_What to do:_
Lower down are entries containing pictures. Copy exactly, without those pictures, the lines from the line with "Máquina de cubitos" through the line with "601 Pebble Beach Path, Riverhead, NY 11901".

_Provided entries:_
== Segment start ==

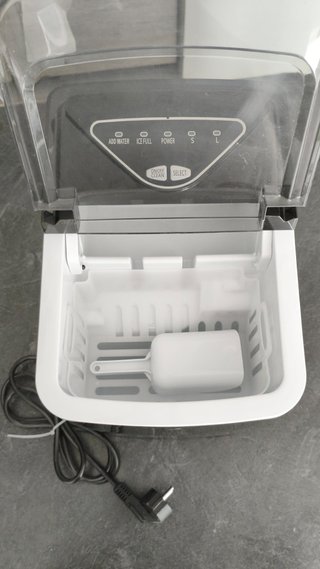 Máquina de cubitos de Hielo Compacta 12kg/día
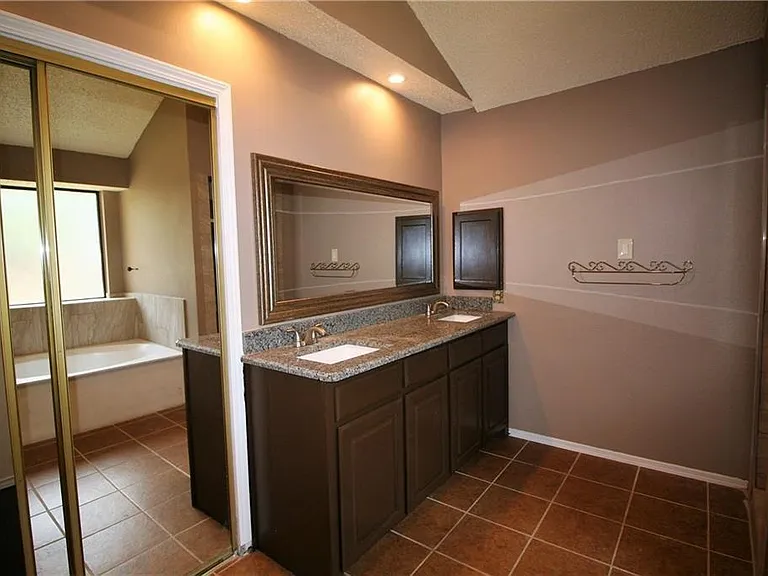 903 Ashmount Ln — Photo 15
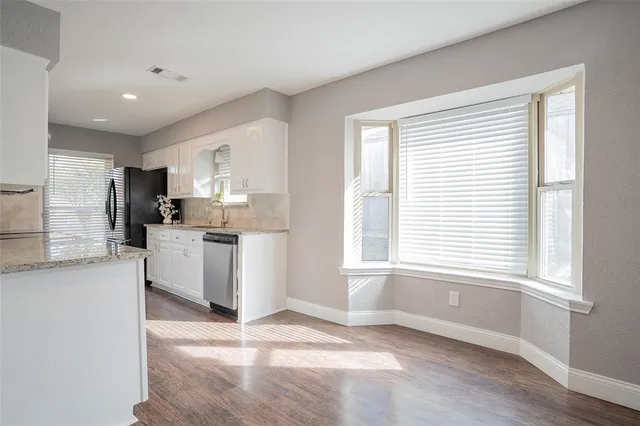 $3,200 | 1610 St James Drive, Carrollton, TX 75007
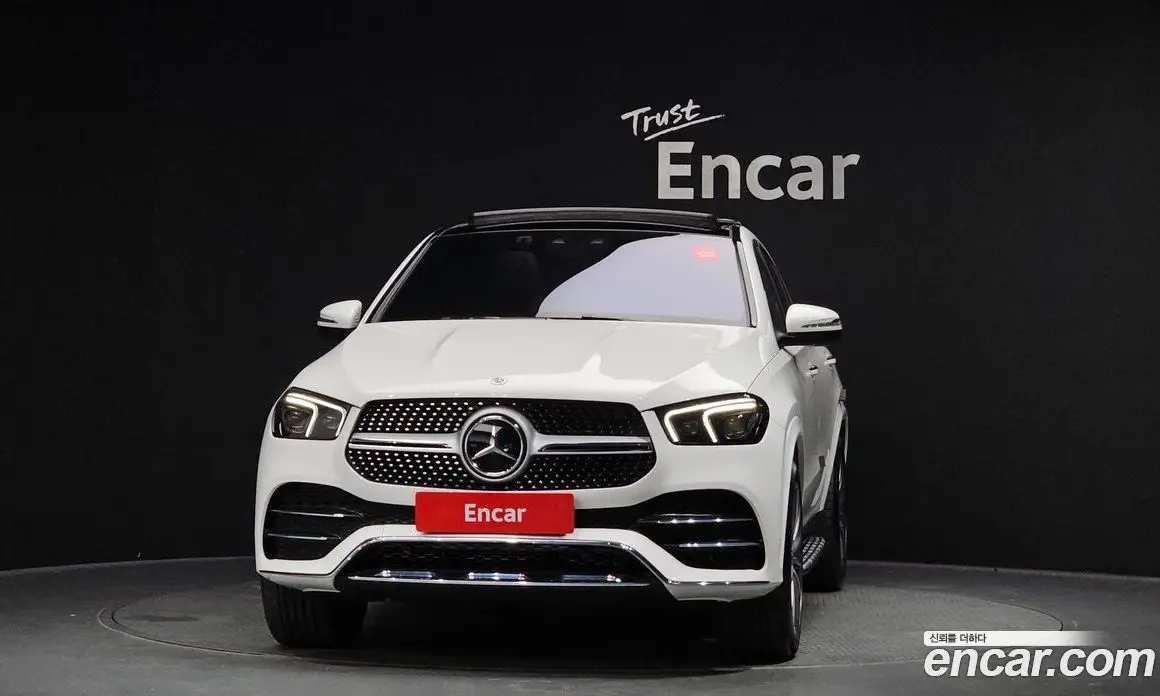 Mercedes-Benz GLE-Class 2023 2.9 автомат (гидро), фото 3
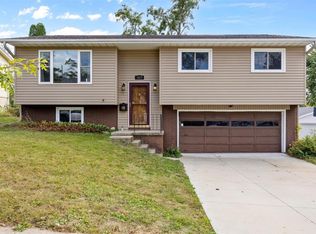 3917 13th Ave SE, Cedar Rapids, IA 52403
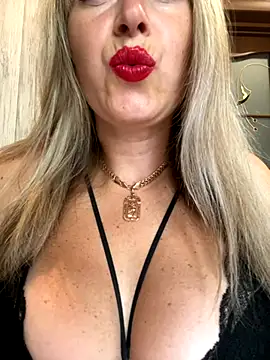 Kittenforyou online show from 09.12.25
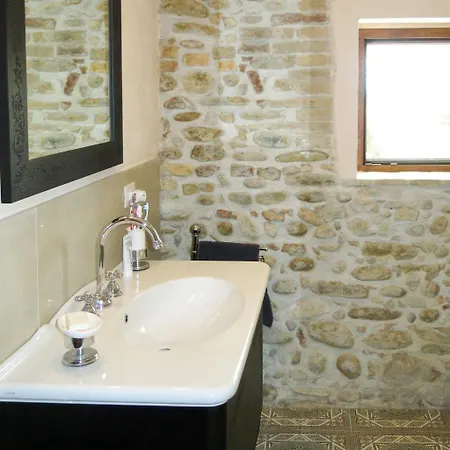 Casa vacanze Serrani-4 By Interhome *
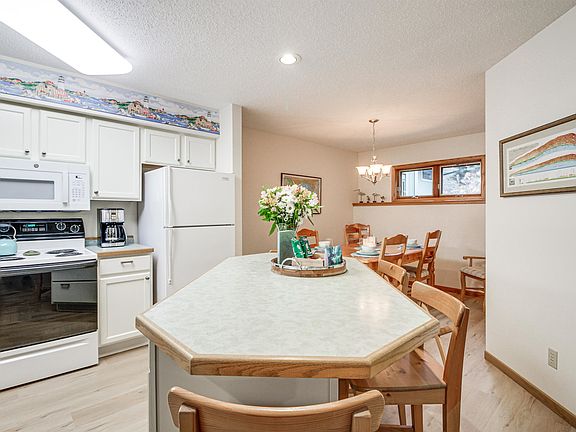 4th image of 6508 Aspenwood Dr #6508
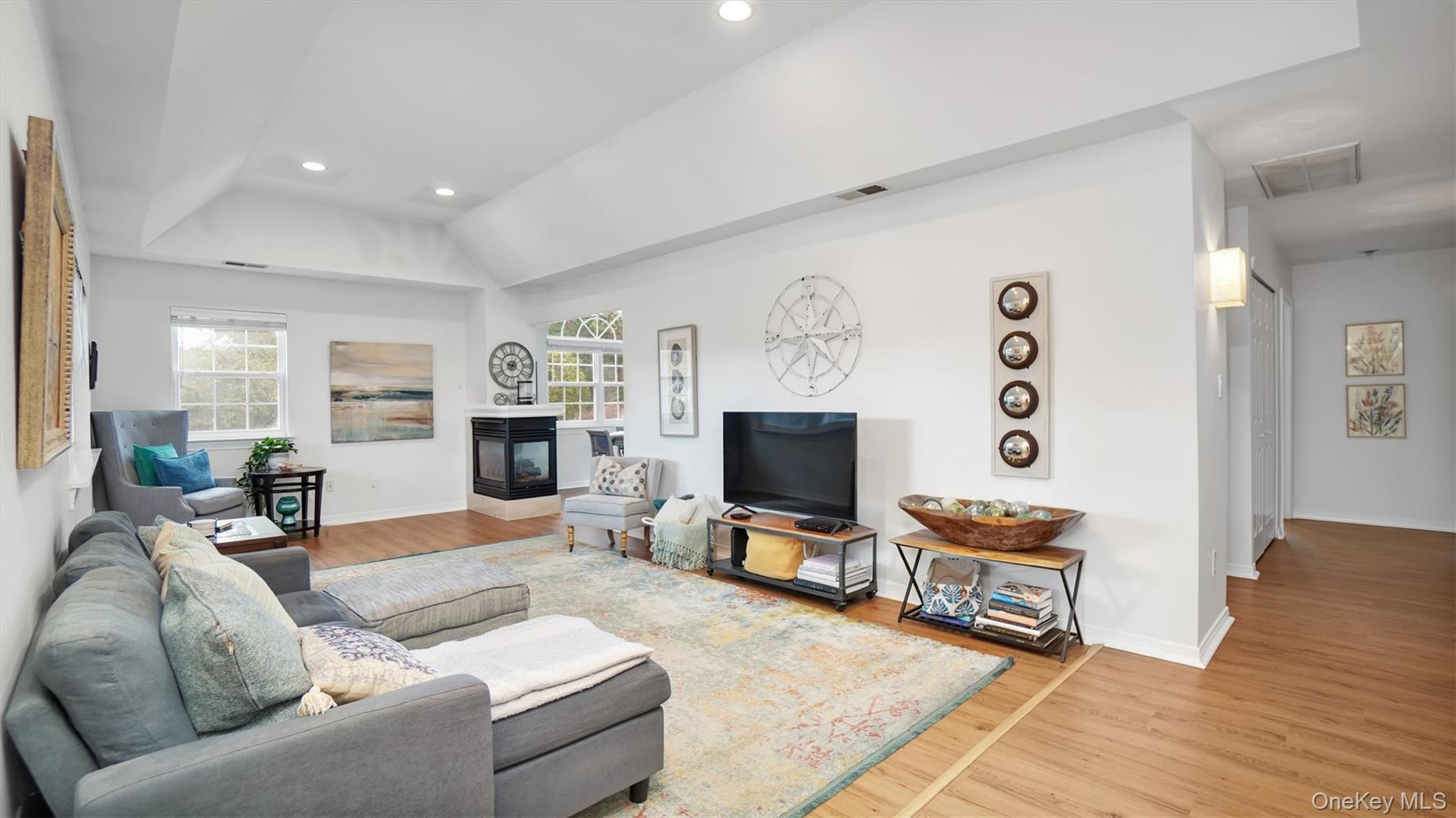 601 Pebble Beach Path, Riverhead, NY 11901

== Segment end ==
== Segment start ==

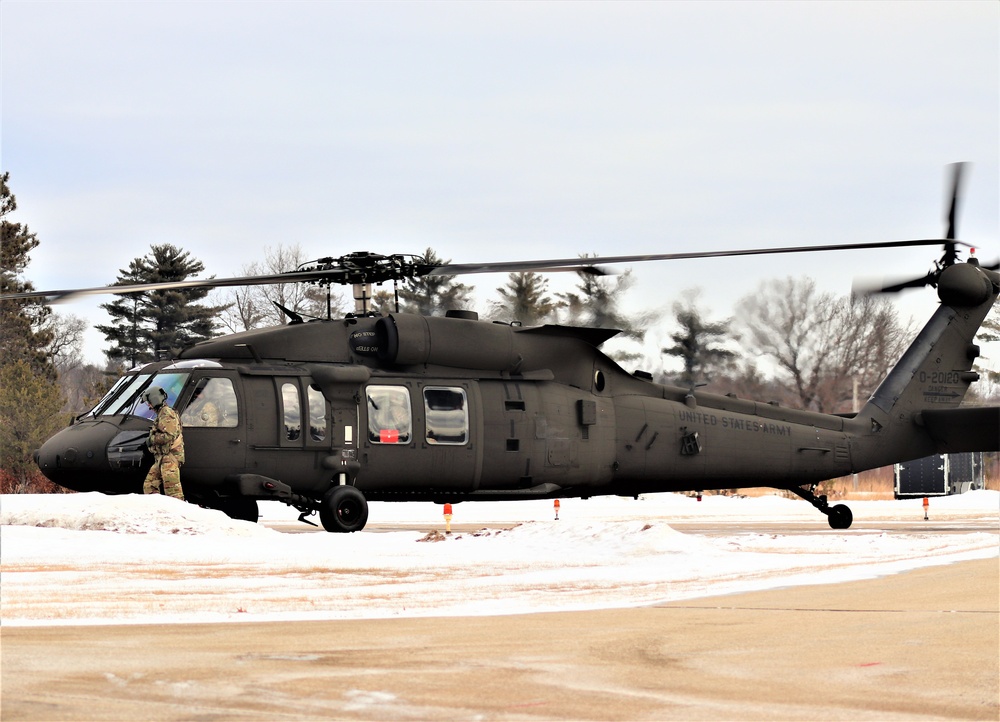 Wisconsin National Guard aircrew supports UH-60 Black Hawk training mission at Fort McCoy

== Segment end ==
== Segment start ==

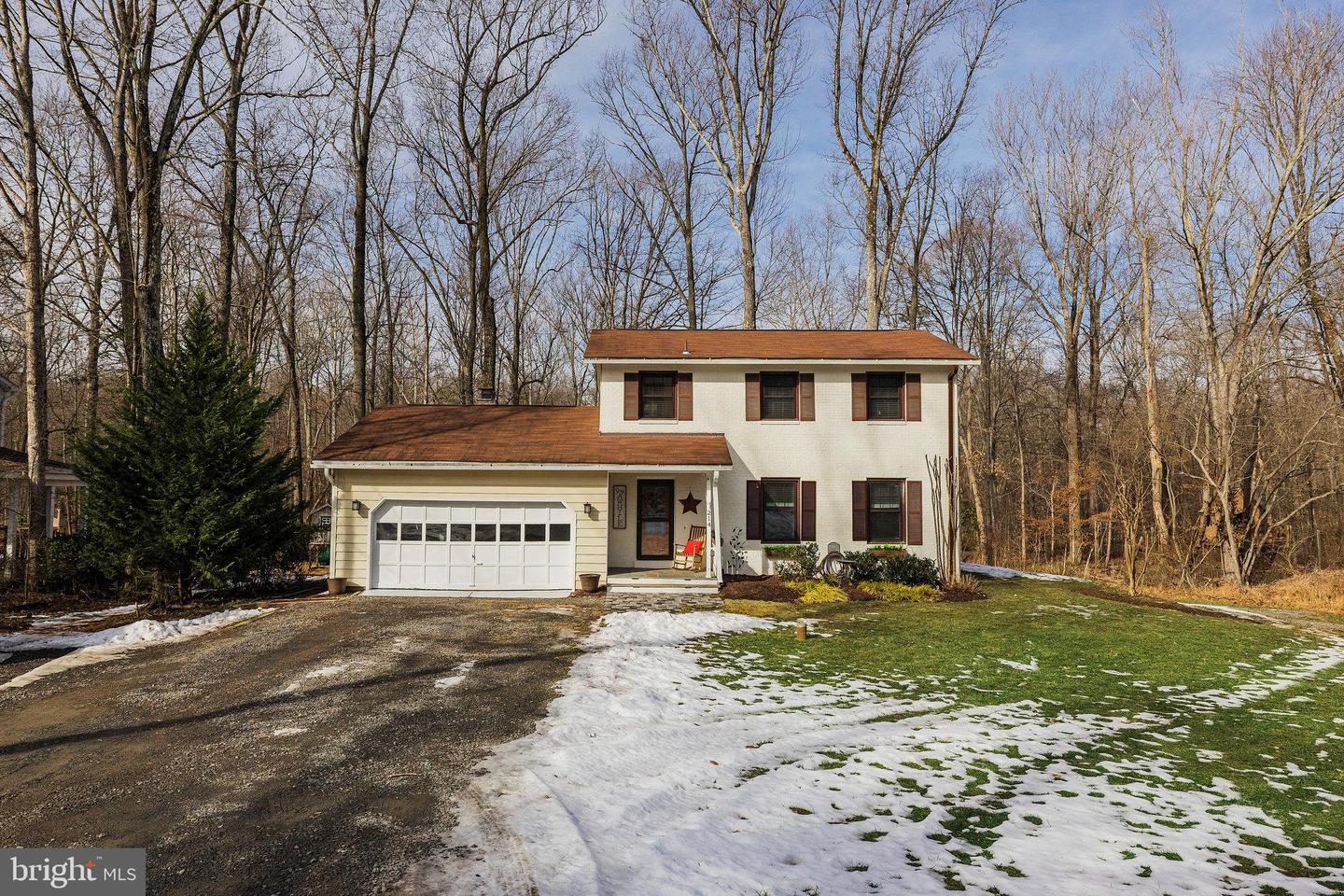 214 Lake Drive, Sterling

== Segment end ==

_Answer box:_
 Máquina de cubitos de Hielo Compacta 12kg/día
 903 Ashmount Ln — Photo 15
 $3,200 | 1610 St James Drive, Carrollton, TX 75007
 Mercedes-Benz GLE-Class 2023 2.9 автомат (гидро), фото 3
 3917 13th Ave SE, Cedar Rapids, IA 52403
 Kittenforyou online show from 09.12.25
 Casa vacanze Serrani-4 By Interhome *
 4th image of 6508 Aspenwood Dr #6508
 601 Pebble Beach Path, Riverhead, NY 11901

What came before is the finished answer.